What you are asked to do
Starting at the line that contains "Michael Kors Handbags - Michael Kors purse" and stopping at the line that contains "21516 52nd Avenue", restate each line of the records below exactly. Omit the pictures.

Data supplied
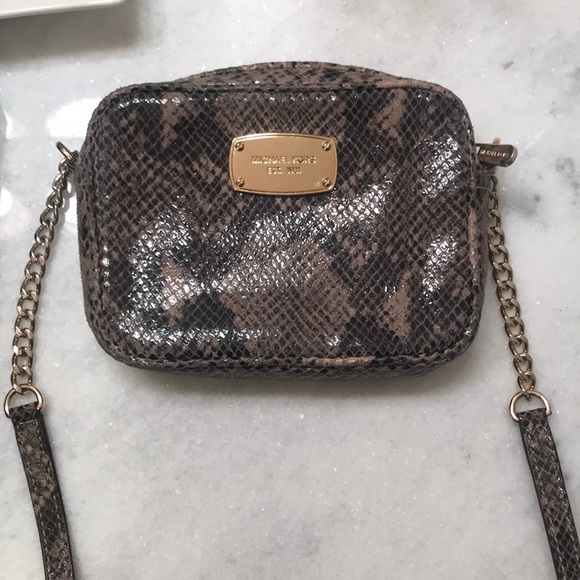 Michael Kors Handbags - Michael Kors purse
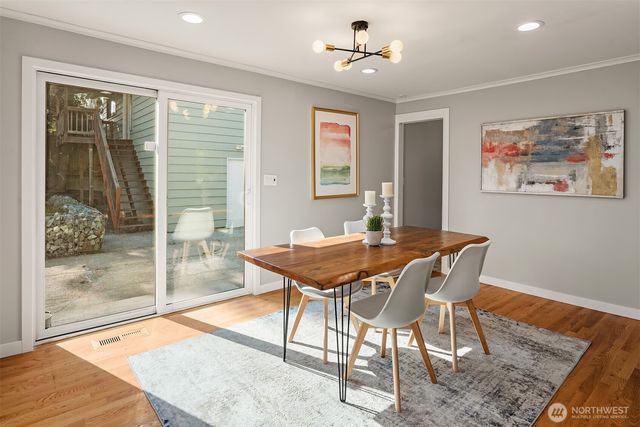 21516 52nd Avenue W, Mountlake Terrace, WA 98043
...
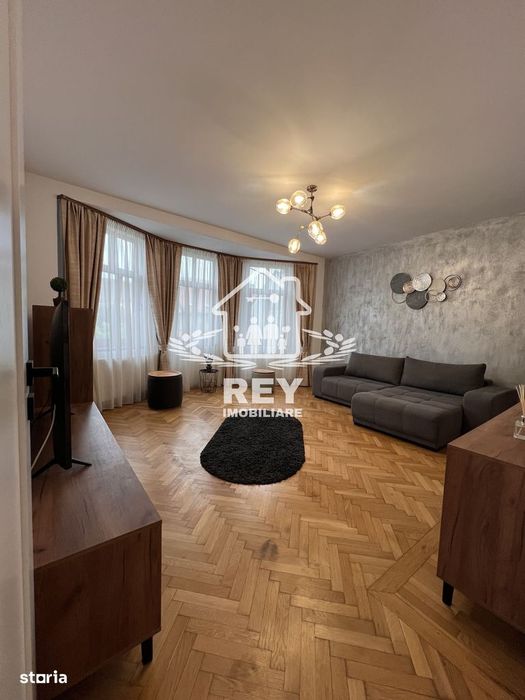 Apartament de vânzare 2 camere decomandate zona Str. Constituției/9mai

Result of this task
 Michael Kors Handbags - Michael Kors purse
 21516 52nd Avenue W, Mountlake Terrace, WA 98043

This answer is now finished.